Troubleshooting Kubernetes: "zombie pods"

I recently ran into a mysterious problem as I was developing and testing a lab exercise to teach about Kubernetes resiliency. I sort of caused the problem myself, because I had run through several scenarios with the example application, and I wanted to blow it all away and start I just started deleting things. That, my friends, is a sure-fire way to break something. If you are dealing with Deployments and ReplicaSets, merely deleting a pod is just going to cause K8s to try and redeploy it.

I ended up with a handful of pods that were stuck in a state of "Terminating," and they would not die. For days. So, I asked around, tried researching the problem. A google search of "pods stuck in terminating" gave many hits, with many different possible causes and solutions. Some issues mentioned kubelet and a hostname mismatch - that was not it. 

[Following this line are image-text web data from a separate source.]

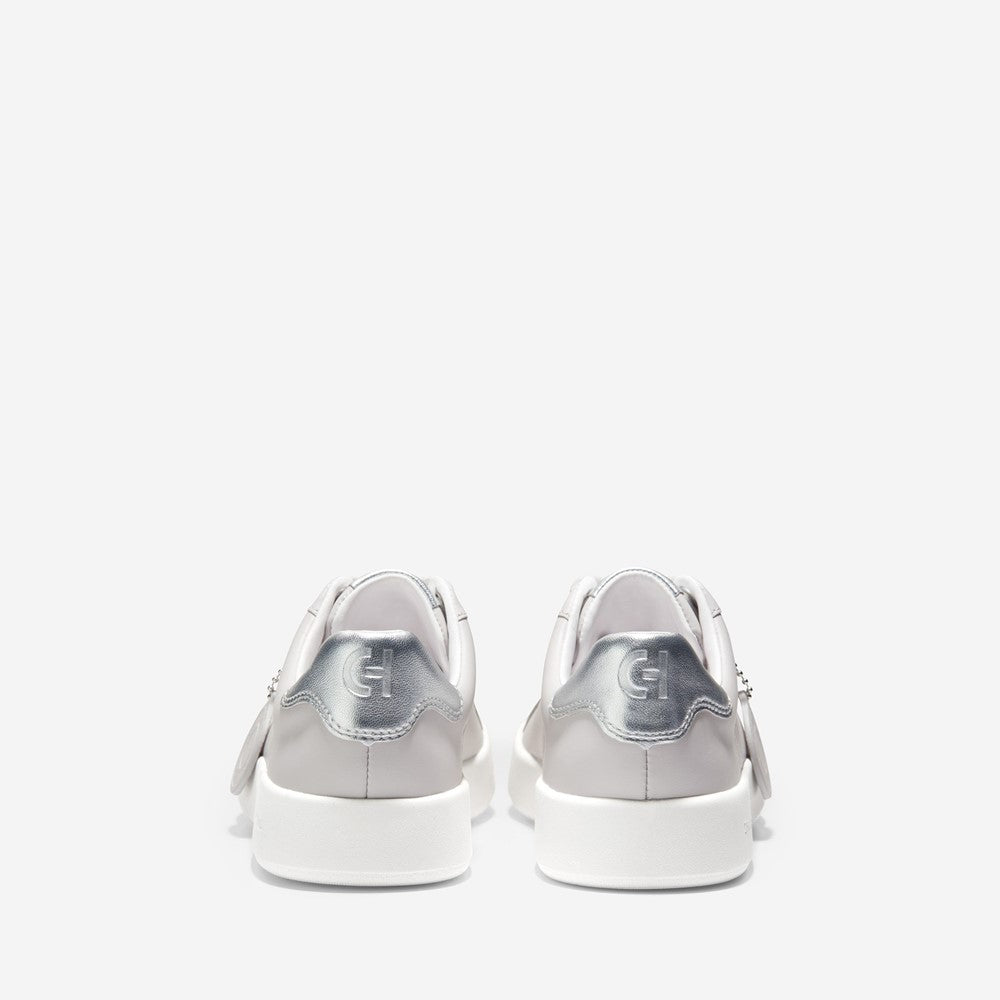 Cole Haan GrandPro Tennis Finalist Trainer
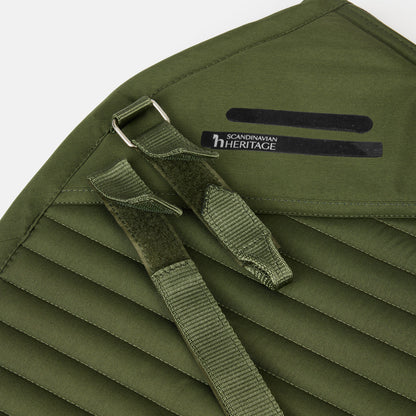 Horze Symphony Dressage Saddle Pad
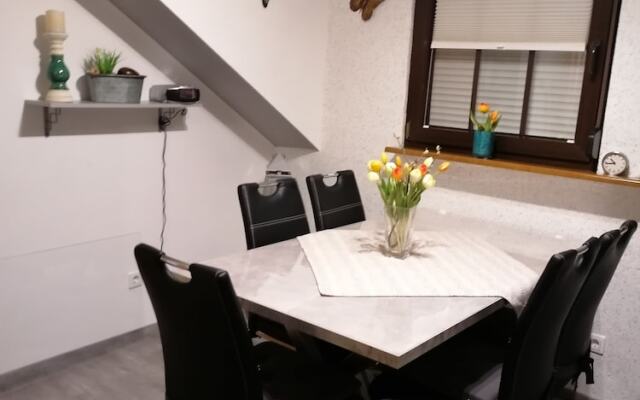 Ferienwohnung Schmitz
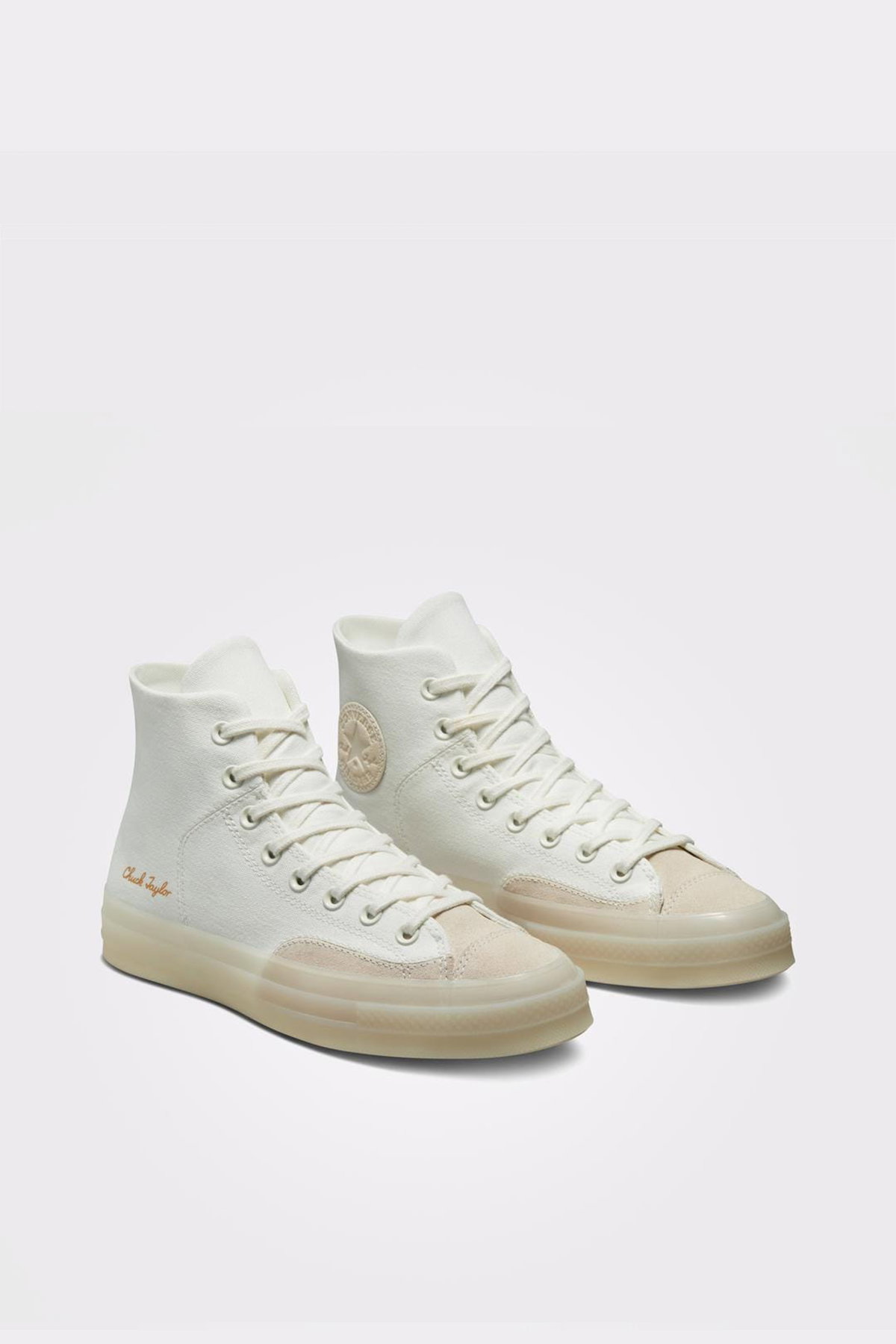 Converse Chuck 70 Marquis Unisex Sneaker BEJ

I tried doing a drain, cordon, and shutdown of the node. When I started it back up, the pods were still there, still terminating. 

I tried deleting the Helm release, and helm command would not work. I got errors, which I googled, and that pointed to a problem with Tiller. I tried deleting the helm cache. I tried reinstalling Tiller, but Tiller would not come up. The Tiller pod was stuck in a state of "Pending." 

Some of the issues mentioned that they were trying to deploy pods on the master node, which is something you typically don't do, because the whole point of K8s is to let it schedule pods on the worker nodes. However, if you want a single-node environment, or something like that, you must remove a taint from the master node that prevent pods from being scheduled on it. That sounded a lot like my situation, because I was actually only running a master node...

...and that was the problem. I started with a cluster with two worker nodes, but they were offline. I had not restarted them since encountering the problem. After starting the workers, the status of all the hung pods resolved.

The moral of this story is: sometimes the answer is just too obvious to find through an internet search.